Work instructions
Reproduce exactly the entries from the "Bắt nhóm tàng" line to the end. Skip all pictures.

Available data
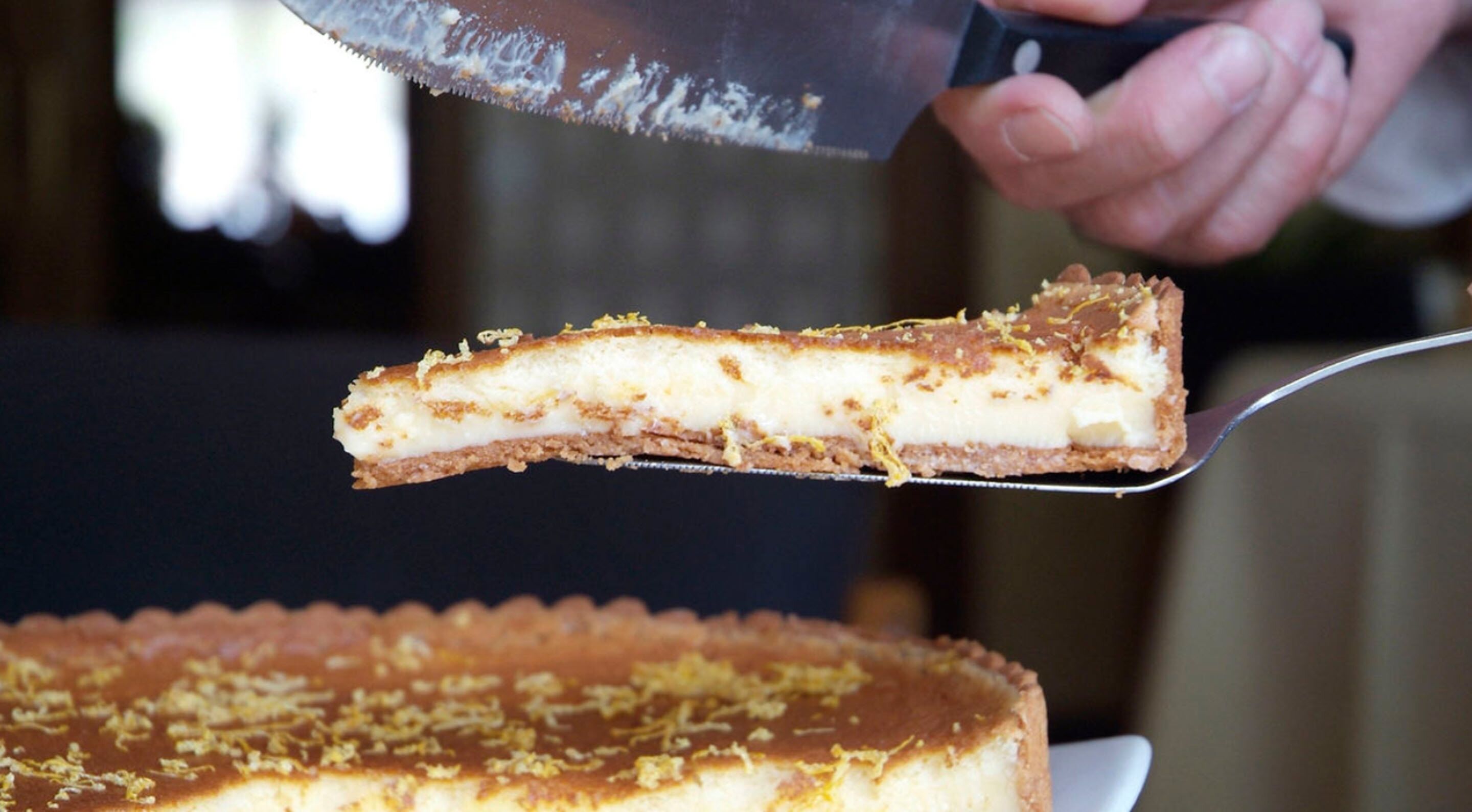 Une part de gâteau au fromage est soulevée à l’aide d’une fourchette.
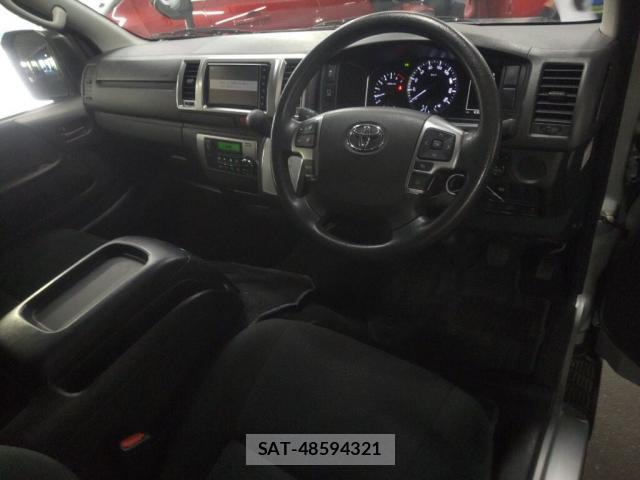 Toyota HIACE VAN 2020-06 8360769-2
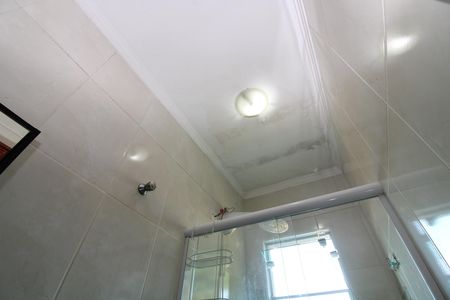 Casa de condomínio à venda com 68m², 2 quartos e 1 vagaBanheiro da Suíte 1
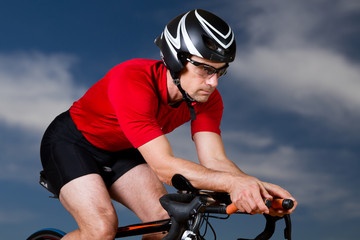 Triathlet auf dem Fahrrad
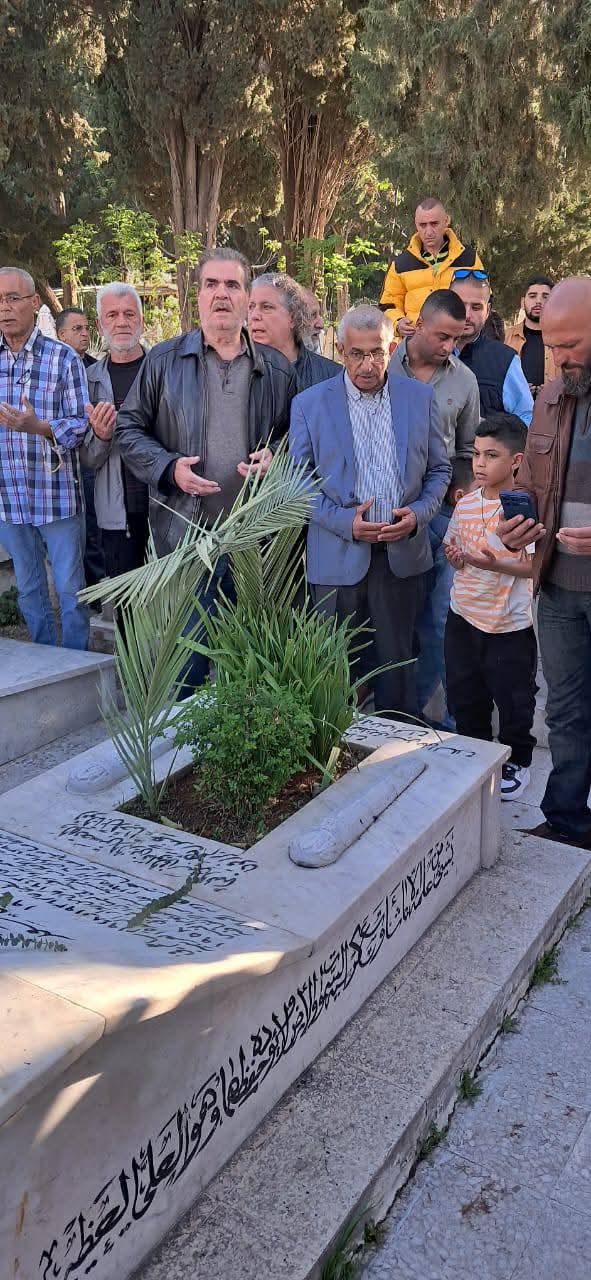 أسامة سعد يؤدي صلاة عيد الفطر ويزور أضرحة الشهداء في صيدا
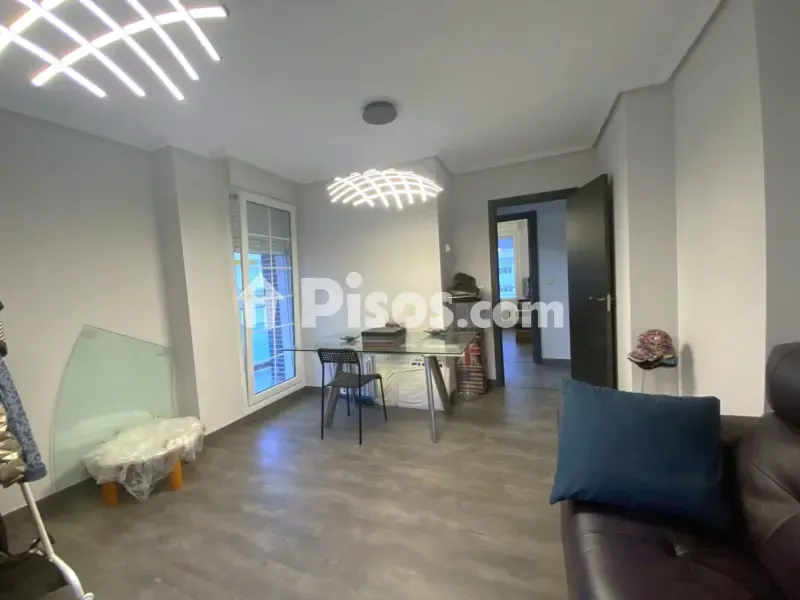 Séjour - Appartement 2 pièces à ES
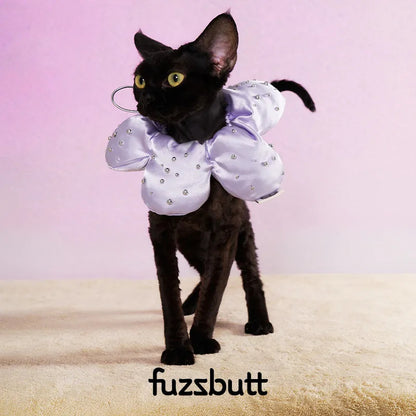 Babero Fuzzbutt Satinado con Flor de Cinco Pétalos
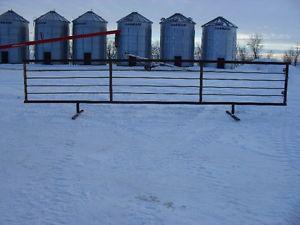 Free Standing Cattle Panels / wind breaks / equipment/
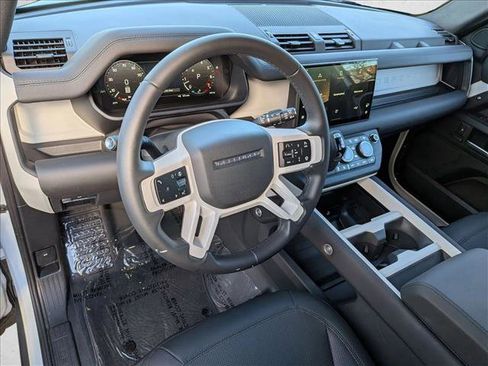 Used 2025 Land Rover Defender 130 X-Dynamic SE image 10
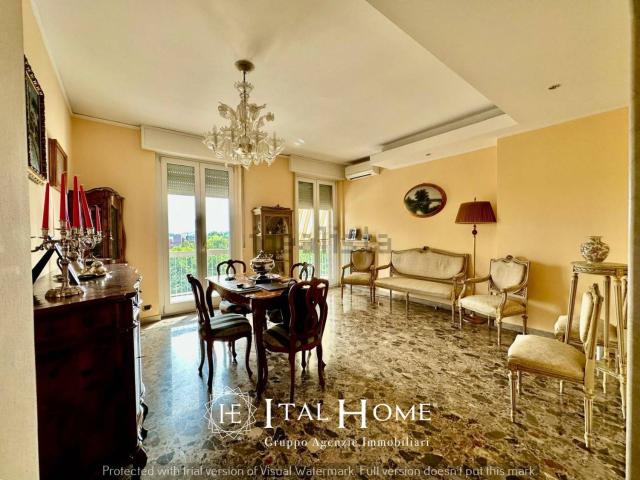 Appartamento in vendita di 145 m² in Corso Porta Nuova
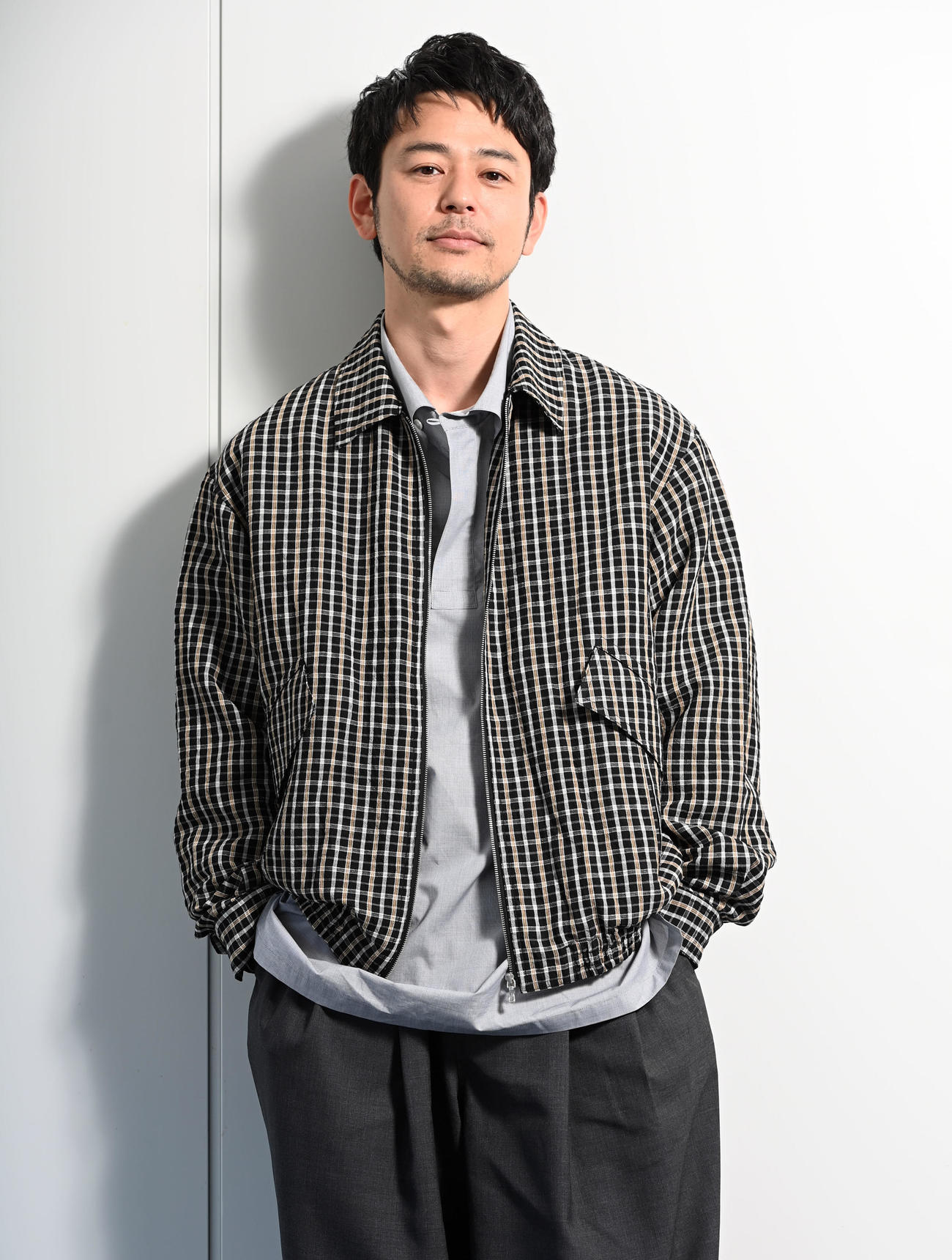 テレビ東京開局60周年特別企画ドラマスペシャル「生きとし生けるもの」で渡辺謙とともにダブル主演を務める妻夫木聡＝2024年1月15日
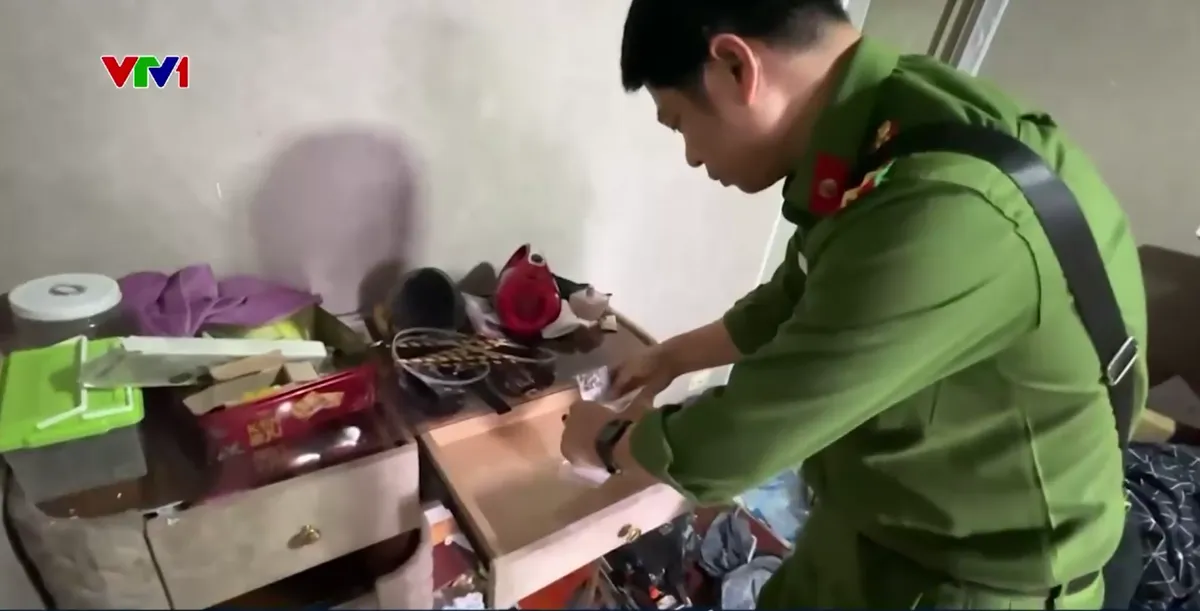 Bắt nhóm tàng trữ ma túy dùng súng bắn trả lực lượng công an - Ảnh 1.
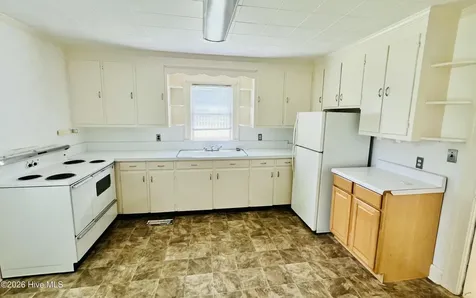 3813 W Wilson Street Farmville NC 27828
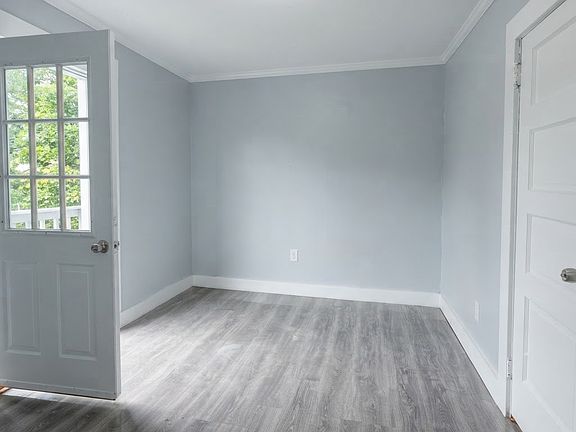 4th image of 20 Ridge St #2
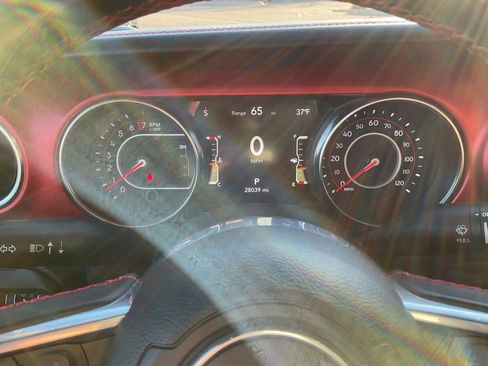 Used 2022 Jeep Gladiator Rubicon w/ LED Lighting Group image 14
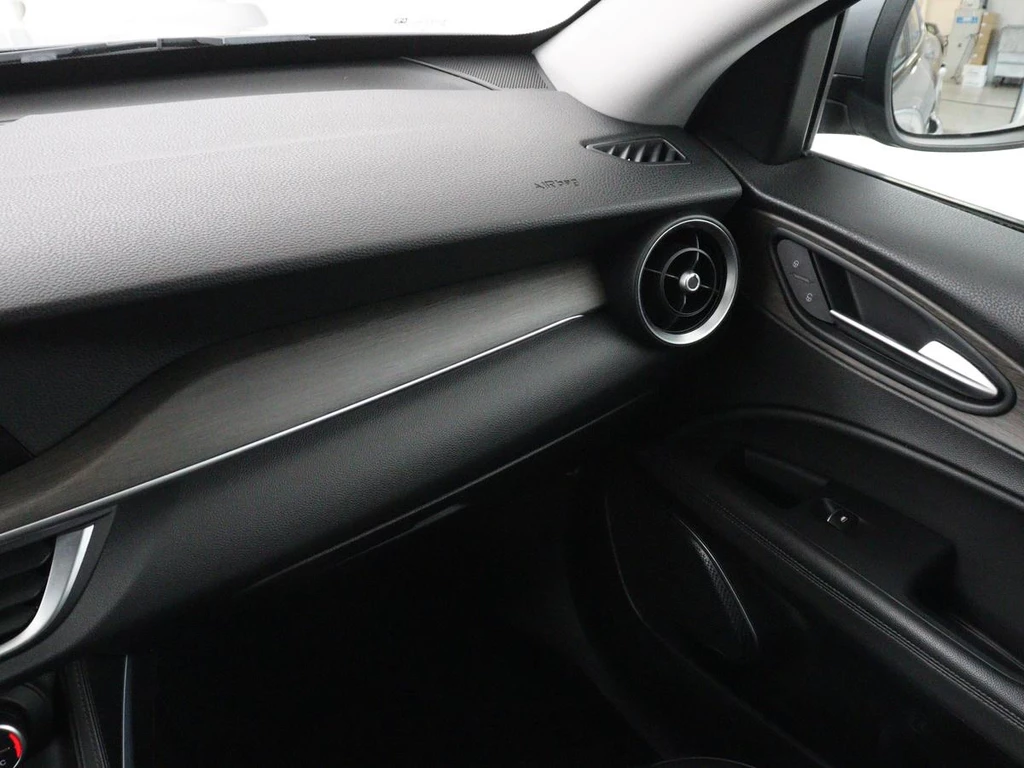 Alfa Romeo Stelvio – foto 28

Answer to the problem
 Bắt nhóm tàng trữ ma túy dùng súng bắn trả lực lượng công an - Ảnh 1.
 3813 W Wilson Street Farmville NC 27828
 4th image of 20 Ridge St #2
 Used 2022 Jeep Gladiator Rubicon w/ LED Lighting Group image 14
 Alfa Romeo Stelvio – foto 28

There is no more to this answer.